Response to records requests not good enough

The good news for Ohioans is that public officials seem to be following the state’s open records law much better than was the case several years ago.

But the bad news is that sometimes, Buckeye State residents still are refused access to documents. That is unacceptable.

Journalists fanned out throughout Ohio this spring, in an open records “audit” conducted through the state Coalition for Open Government. Public officials were asked in all 88 counties to provide documents and information covered under the state open records law.

Ninety percent of the requests were filled.

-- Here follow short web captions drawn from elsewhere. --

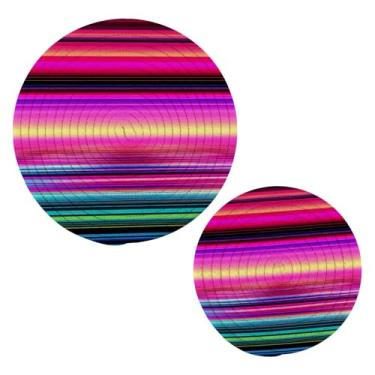 Imagem de Blueangle 2 peças de suporte de panela colorido listrado do México - conjunto de pegadores de panela de tecido redondo - almofadas quentes trançadas de algodão - porta-copos - tapetes de mesa para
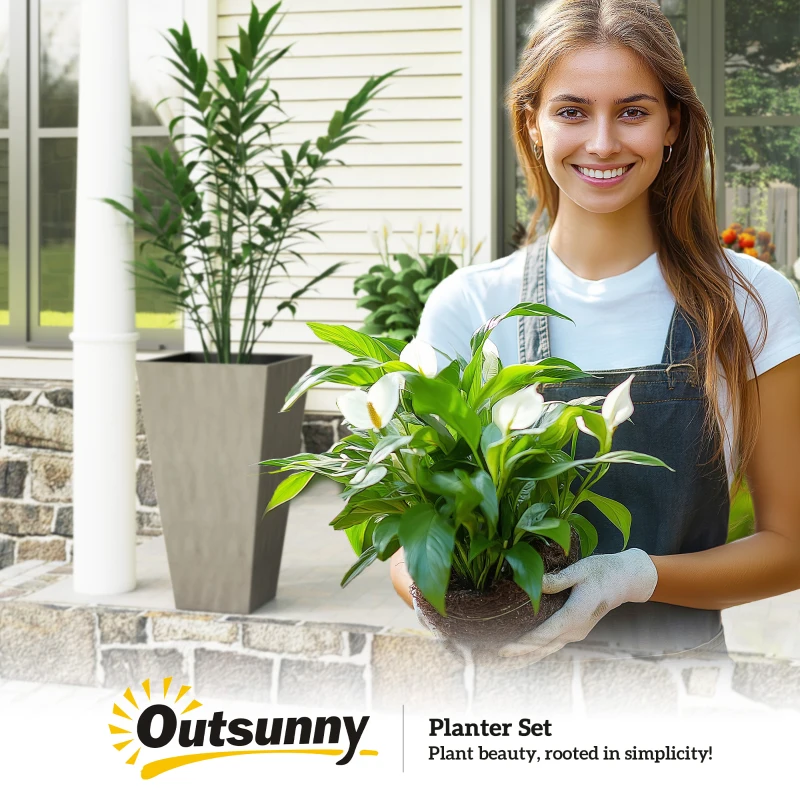 Outsunny Tall Planters for Outdoor Plants Set of 3, 28 In Taper Planters with Drainage Holes, Indoor Grande Plant Pots, Front Porch Decor, Grey
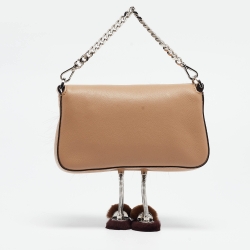 Pre Owned Fendi Beige Leather and Fox Micro Monster Feet Crossbody Bag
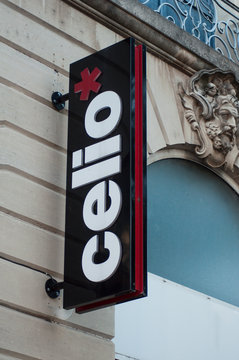 Mulhouse - France - 25 August 2019 - Closeup of Celio logo on store front in the street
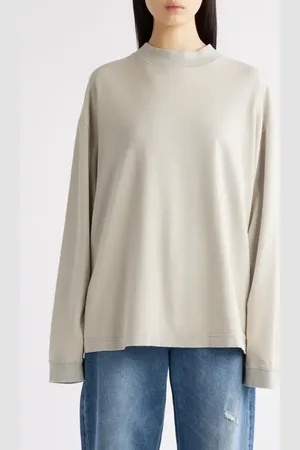Acne Studios Enick Mock Neck Cotton Sweatshirt in at Nordstrom, Size Small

That is a dramatic improvement from 10 years ago, when a similar audit found just 70 percent compliance.

A nine-out-of-10 success rate sounds good – unless you happen to be the Ohioan told he cannot be given information he has every right to see.

In some cases, public officials and their subordinates just don’t think it is any of the public’s business how taxpayers’ money is spent. For example, one piece of information sought in the audit 10 years ago was school superintendents’ salaries. Reporters asking for the amount were rejected half the time.

Fortunately, the record on that is much better now, at 90 percent. Still, why shouldn’t those who pay superintendents’ salaries know what 10 percent of them are taking home?

Training on the open records law is mandatory for all elected officials in Ohio. There is no excuse for them to break the law.

In many cases, however, subordinates who may not be familiar with open records rules receive requests from the public and press. In one case this spring, a clerk in Clinton County was asked for minutes of a county commissioners’ meeting. When the reporter refused to give his name, the clerk called for a sheriff’s deputy.

There is no requirement that someone seeking a public document provide his or her name. Likewise, there is no requirement that forms requesting records be filled out – though journalists this spring were told in several school districts they had to do so.

A substantial amount of trouble with open records laws could be avoided if elected officials simply educated their subordinates. Clearly, that needs to happen more often.

But whether problems result from lack of education on open records rules or willful refusal to obey them, the fact is that the law is the law. Most public records are supposed to be available simply for the asking.

Where that is not the case, Ohioans should be very upset, perhaps to the point of voting out of office those who tell them the public’s business is none of their business.